L'agenda et les tâches ? Il faut à peine 2 minutes pour configurer son compte Gmail support sur un Mac et récupérer l’entièreté des éléments.

A part souhaiter (et/ou devoir) utiliser certains softs ou protocoles propres à Apple comme par exemple iMessages et consorts, je ne vois franchement pas ce qui différencie un iPhone 7 d'un Galaxy S7. Les deux disposent d'un affichage superbe, d'une autonomie confortable, d'une puissance bien au-delà du nécessaire et d'un design agréable. Petit plus pour la résistance plus poussée du S7 à l'eau ainsi que pour l'extension de mémoire, mais sinon, je ne vois pas...


----------



## Piment_zoizo (21 Janvier 2017)

Hello 

J'ai eu à faire à des Android. Même sans flasher le système, même en me retenant de ne pas télécharger des applis à droite à gauche, sans app tierce de personnalisation, mon Android n'a JAMAIS été aussi stable qu'un iOS. Au bout d'un an il s'essouffle, crash et obligé de ré-initialisation pour retrouver un semblant de performance! Tous ont fini explosé contre un mur car ça finissait par m'agacer au plus au point. 
Depuis que je suis passé à iPhone c'est le jour et la nuit! Il reste performant même un an plus tard, comme au premier jour.
Ça reste mon avis et mon expérience... je ne connais pas les trucs techniques mais j'ai mon ressenti et pour tout ça, je ne retournerai JAMAIS sur Android. J'ai mis longtemps avant de passer sur iPhone car cher et surtout je pensais que c'était un portable de plus comme les autres. Après plusieurs avis de mes proches ayant passé le cap, je n'ai pu que constater la véracité de leurs propos. 

Voilà pour moi

Piment_zoizo


----------



## okeeb (21 Janvier 2017)

Evidemment chacun a son propre ressenti, difficile de faire une généralité de chaque cas, du mien comme du votre. Néanmoins cela semble un peu excessif (quels modèles, quelle version d'_Android_ ?), vous en conviendrez (ou pas) ; Pour ma part je n'ai jamais vécu ce genre de cas, si ce n'est en effet des ralentissements au bout d'un ou deux ans, mais là n'est-ce pas ce qui arrive avec tout système informatique ? La question initiale de notre ami @Mathtoan91 était de savoir s'il était concevable de passer de l'un à l'autre sans perdre ses précédents usages et d'y gagner en profitant de la symbiose _Mac_.
Il n'a jamais été question de stabilité système, impossible à comparer d'ailleurs, l'_iPhone_ et _iOS _étant produit par la même entreprise et conçus uniquement l'un pour l'autre... Ce serait d'ailleurs bien le diable si l'ensemble n'avait pas au moins la sympathie d'être plus stable qu'un OS multi-supports devant se coltiner une trentaine de marques différentes (au moins) multipliées par au moins autant de modèles de téléphones (et donc autant de hardwares plus ou moins variés), sans parler des tablettes, liseuses, montres, automobiles, télévision...
C'est d'ailleurs plutôt cette performance de parvenir à faire tourner correctement tout cela qui devrait étonner, alors qu'_iOS_, bien que ne devant œuvrer que sur deux ou trois hardwares différents (et en provenance de la même usine) ne parvient de toute façon (et vous en conviendrez) pas à fournir une expérience utilisateur vierge de tout défaut (illusoire) ; Les forums regorgent aussi d'utilisateurs aux _iPhone _vautrés, brickés, ralentis ou aux bugs récurrents.

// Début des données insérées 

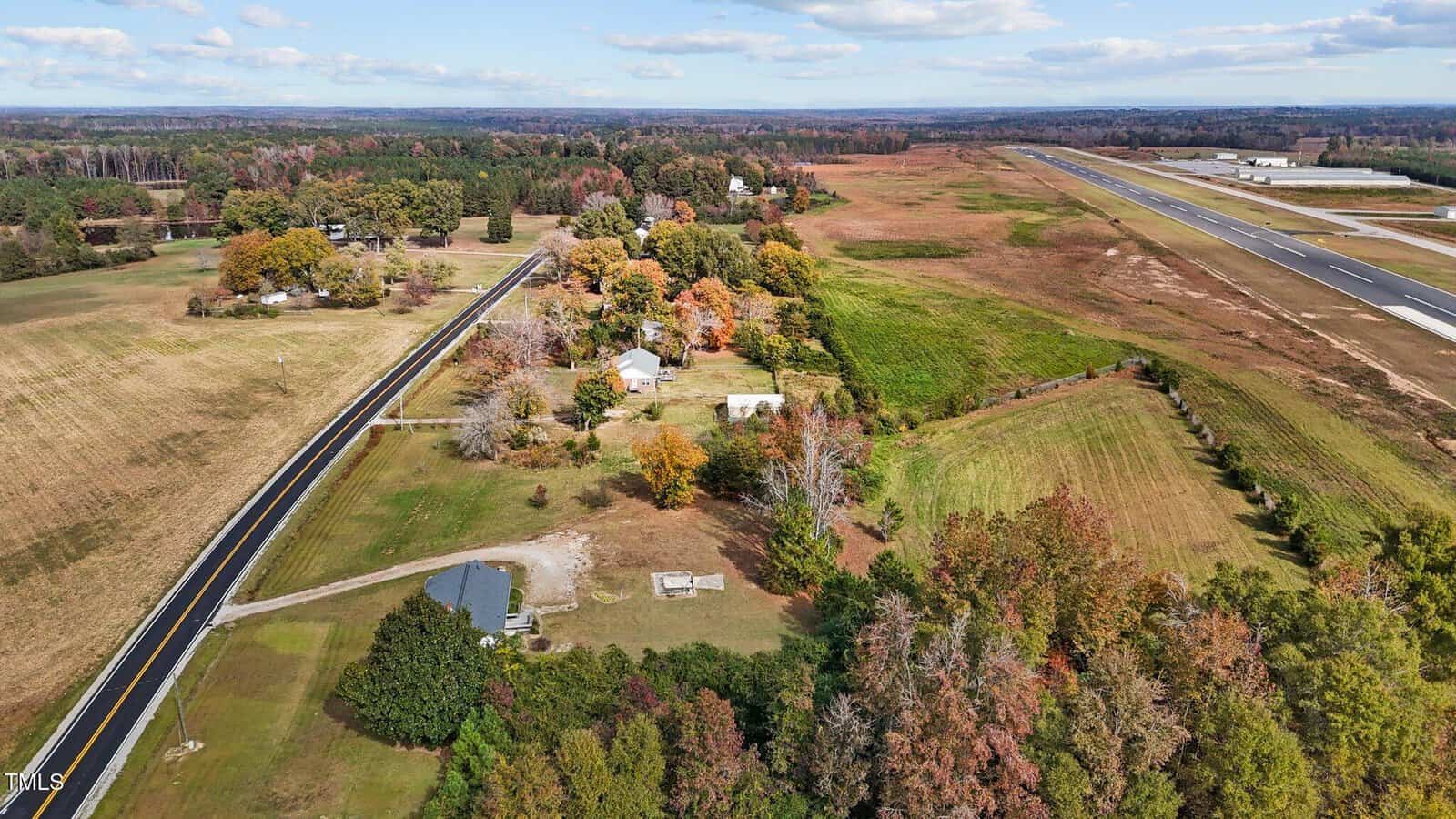 Aerial view of a rural landscape with a road running parallel to an airport runway. Surrounding areas include fields, scattered trees with autumn foliage, and several houses. The sky is partly cloudy.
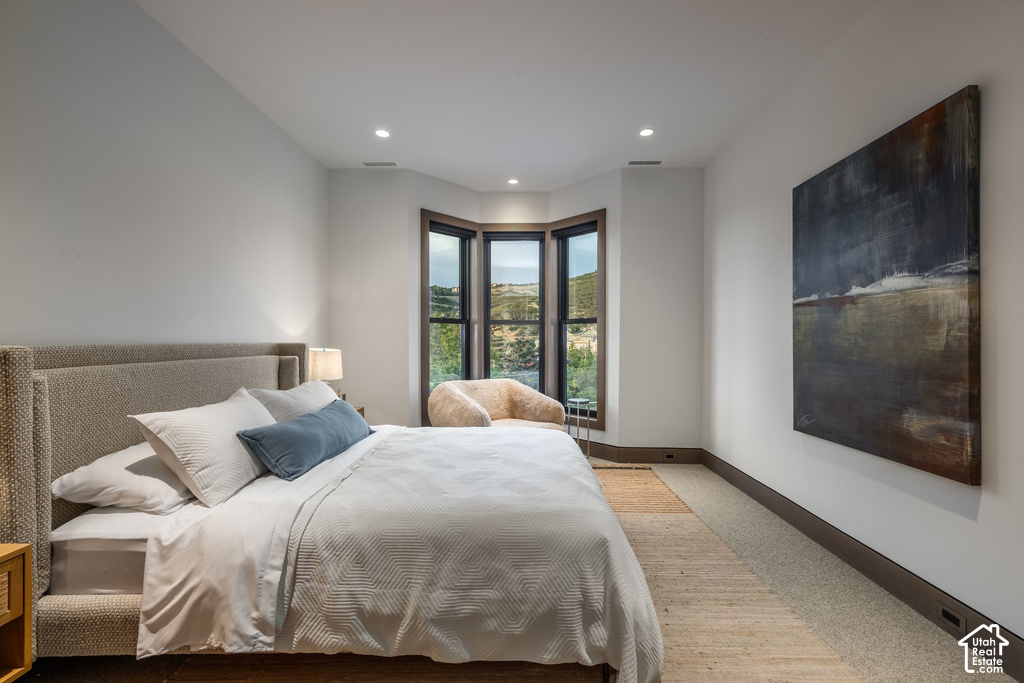 Bay window with dark trim framing distant mountain scenery, recessed ceiling lighting, and light-colored carpeting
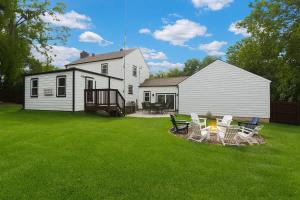 a yard with chairs and a fire pit in front of a house at Stylish KC FarmhouseHugeFencedYard in Merriam
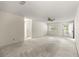 Expansive living room with neutral carpet, ceiling fan, and entry door at 9367 Sw 83Rd Ave # C, Ocala, FL 34481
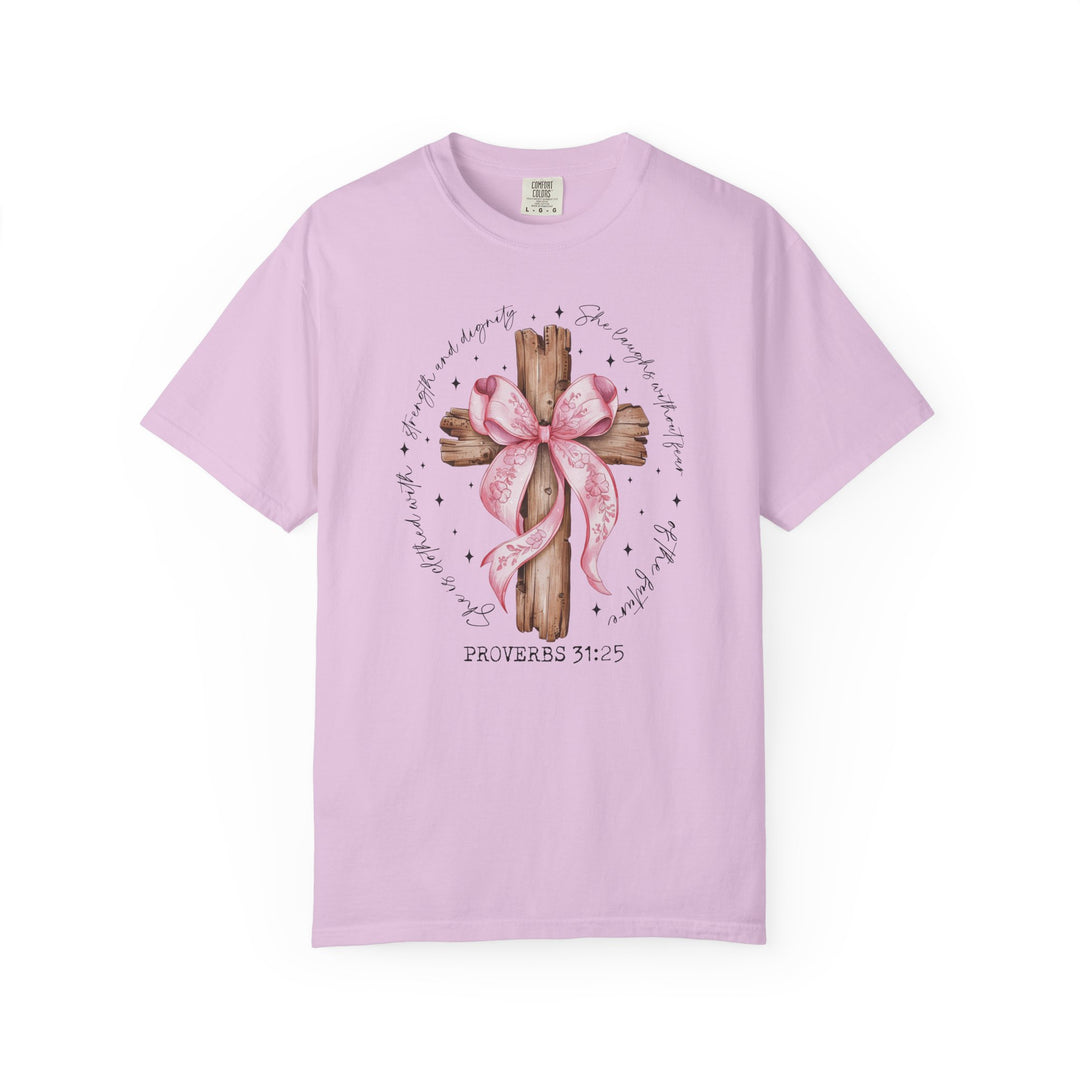 Proverbs 31:25 Tee featuring a rustic cross with a pink ribbon and inspirational verse, offering a relaxed fit in various sizes for comfort and style.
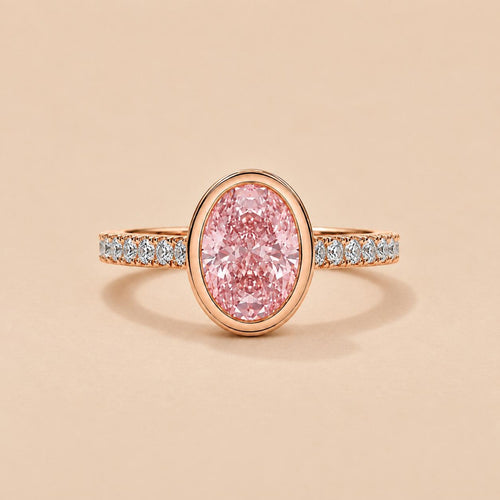 Top-down front view of 2 Carat Pink Oval Cut Lab Grown Diamond Bezel Ring with pave diamond band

Mais là n'est pas la question ; A @Mathtoan91 je dirais que quoi qu'il décide, l'ensemble de ses usages se fera dans le confort qu'il marie avec son _Mac _un _Android _ou un _iPhone _; Evidemment il serait inconvenant de ne pas reconnaître qu'un _iPhone _sera toujours plus à l'aise qu'un _Android _une fois acoquiné avec son ordinateur, c'est pour cela qu'ils sont prévus. L'un et l'autre sont pré-paramétrés afin de limiter les manipulations de l'utilisateur, et en cela c'est un bonheur.


----------